A useful question to ask while reviewing: "If a customer sent these same questions in an email, would our team be able to respond more clearly or completely?" If yes, there's an improvement opportunity. If no, the customer may simply not have given enough detail to answer — and that's not something you can fix.

Use the Insights tab to track trends over time. The AI Answers section shows resolutions broken down by outcome:
- Contact helped — an answer was provided and the visitor didn't indicate they needed more.
- Contact not helped — the visitor said they still needed help but didn't reach out.
- Human escalation — the visitor chose to chat or send a message for further help.
A high rate of "contact not helped" often points to answers that are technically present but not satisfying. That's a signal to look at the quality of those Docs articles or add targeted Improvements. A high rate of human escalation may indicate a topic that belongs in a Guardrail.
⚠️ Note: When the AI fails to answer a question, the conversation record shows Account Owners and Administrators the sources it checked. This is helpful context when deciding whether to update your Docs or add an Improvement.
A Note on How AI Works
One thing worth understanding as you manage AI Answers: AI does not work the same way a database lookup or a search engine does.

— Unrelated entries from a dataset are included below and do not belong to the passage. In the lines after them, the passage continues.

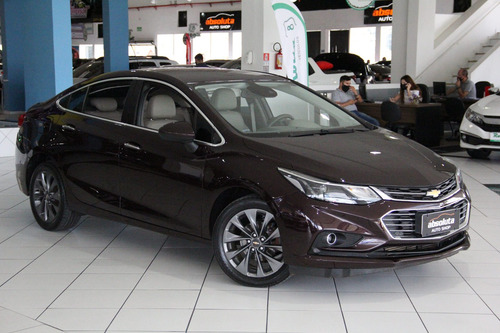 Chevrolet Cruze 1.4 Turbo Ltz 2 16v Flex 4p Automático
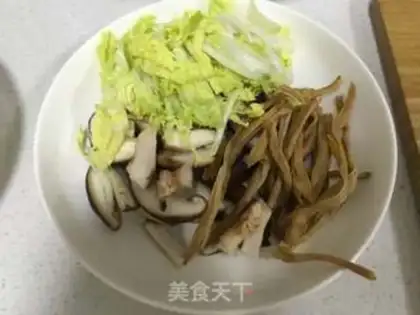 Make Three foods of pelican oil step 0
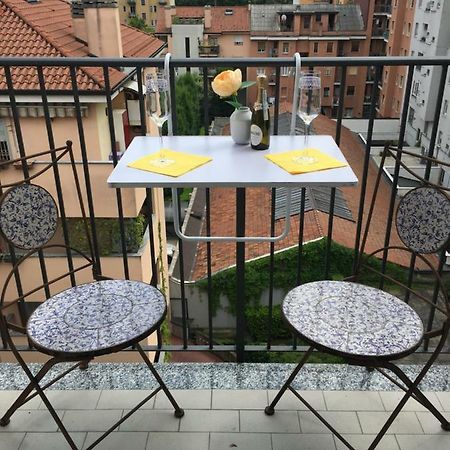 La Quiete Apartment Milan Bagian luar foto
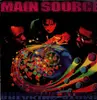 LP - Main Source - Breaking Atoms - 1st US Press on Wild Pitch Records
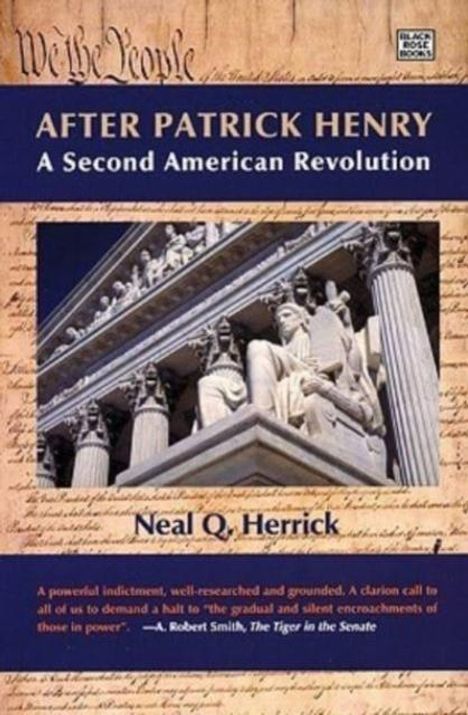 Neal Herrick: After Patrick Henry, Buch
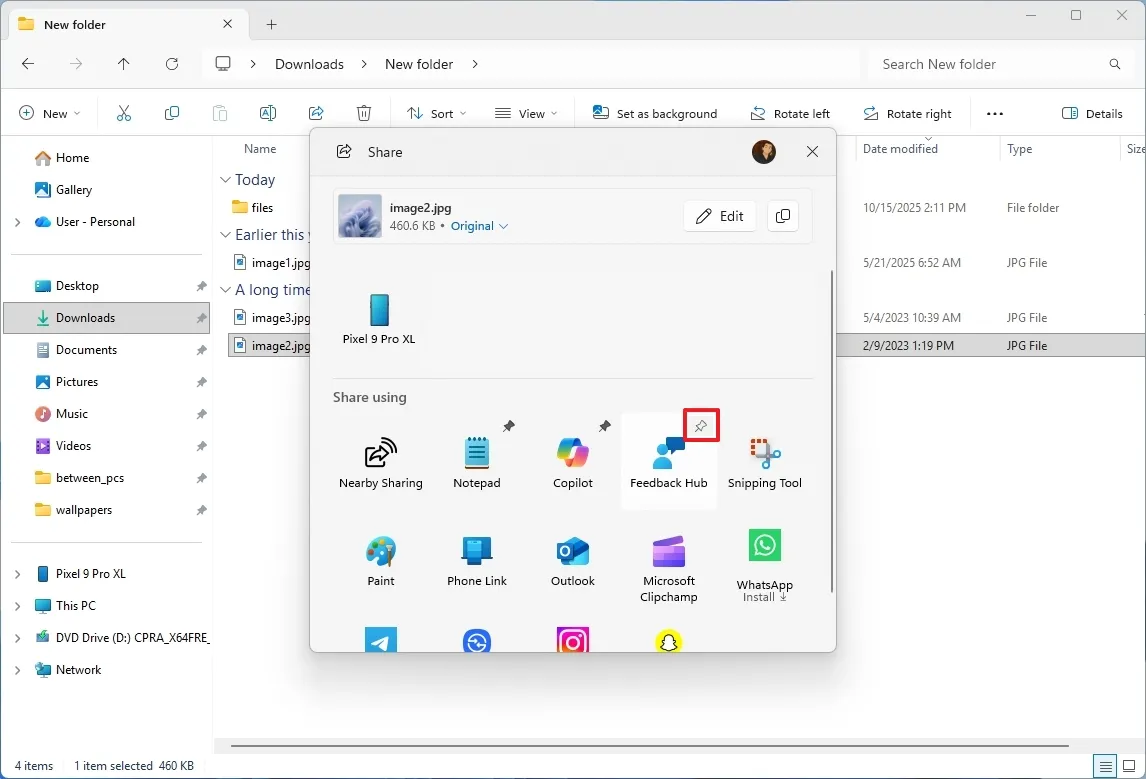 12 tính năng sắp ra mắt trong nửa đầu tháng 10 trên Windows 11 31 12 tinh nang sap ra mat trong nua dau thang 10 tren Windows 112.jpg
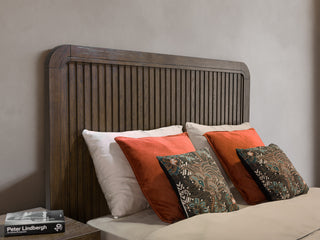 Athens Queen Panel Storage Bed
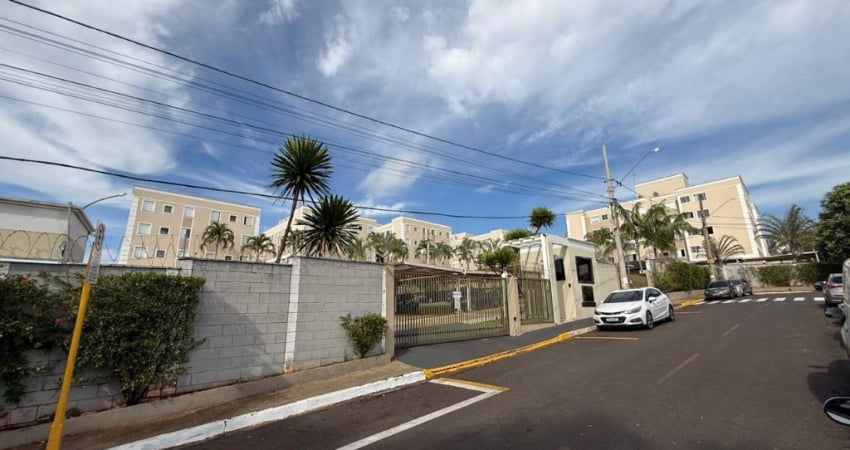 Apartamento com 2 quartos à venda na Rua Andrea Camargo de Oliveira, 1-50, Jardim Contorno, Bauru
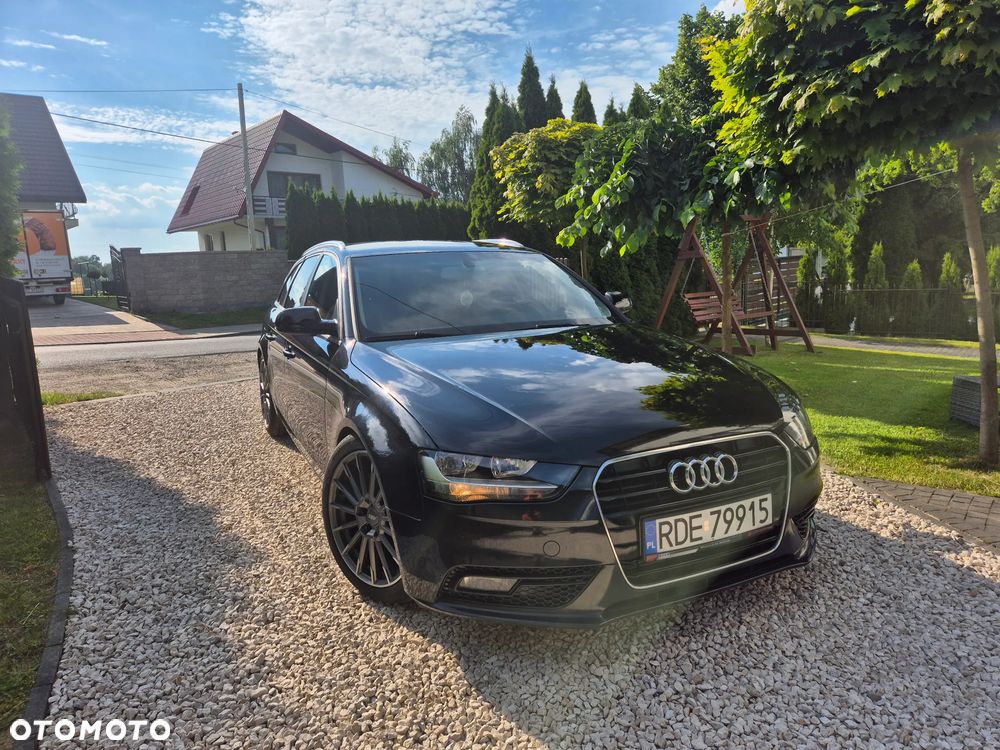 Audi A4 Avant 2.0 TDI - 6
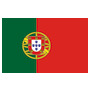 Flagge Portugal 30 x 45 cm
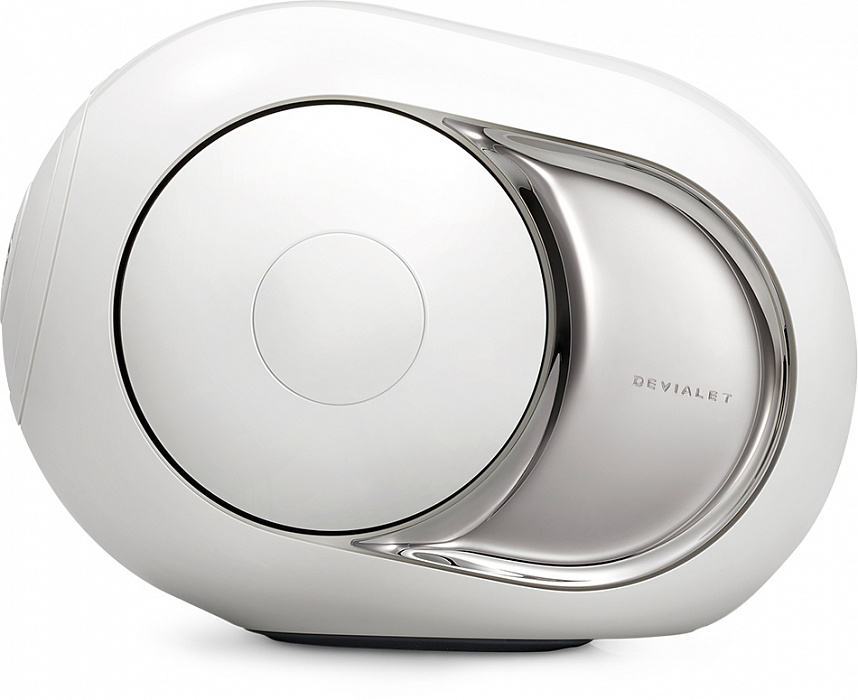 Беспроводная акустика Devialet Phantom (Silver) купить в интернет-магазине icover
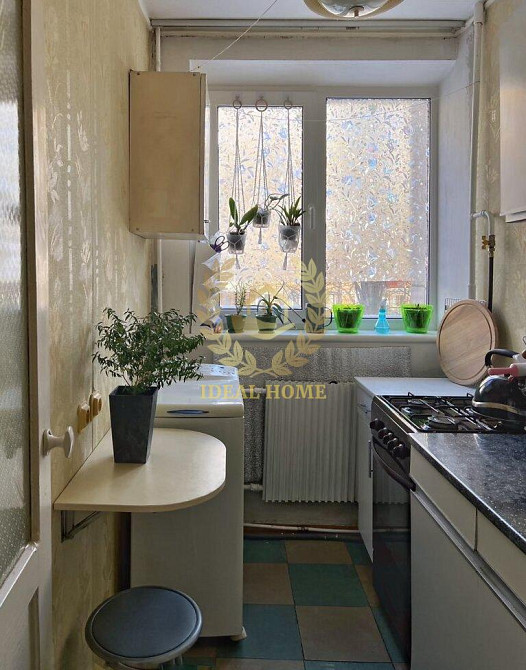 Продаж Квартира 1-кімнатна на Копыловская ул., 10Б Київ - фото 1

A search engine finds an exact match. Given the same query twice, it returns the same result. AI is different — it's probabilistic rather than deterministic. It generates a response based on patterns across your knowledge sources, the question asked, and the context of the conversation. That means two very similar questions might get slightly different answers, and a response that worked well once may vary the next time.
This is normal and expected. It also means that testing is essential. After you make changes to your Identity, add an Improvement, or update your knowledge sources, test with several different phrasings of the same question — not just one. A good answer to one version of a question doesn't guarantee consistent results across all variations.
It also means that more precise inputs help. Vague or conflicting information in your knowledge sources or Improvements introduces more variability. The clearer and more consistent your sources, the more reliably your AI Agent will respond.
Think of managing AI Answers less like configuring a rule and more like coaching someone: you give guidance, observe results, and refine. Over time, the right habits — regular review, targeted Improvements, clear Docs — add up to a much better customer experience.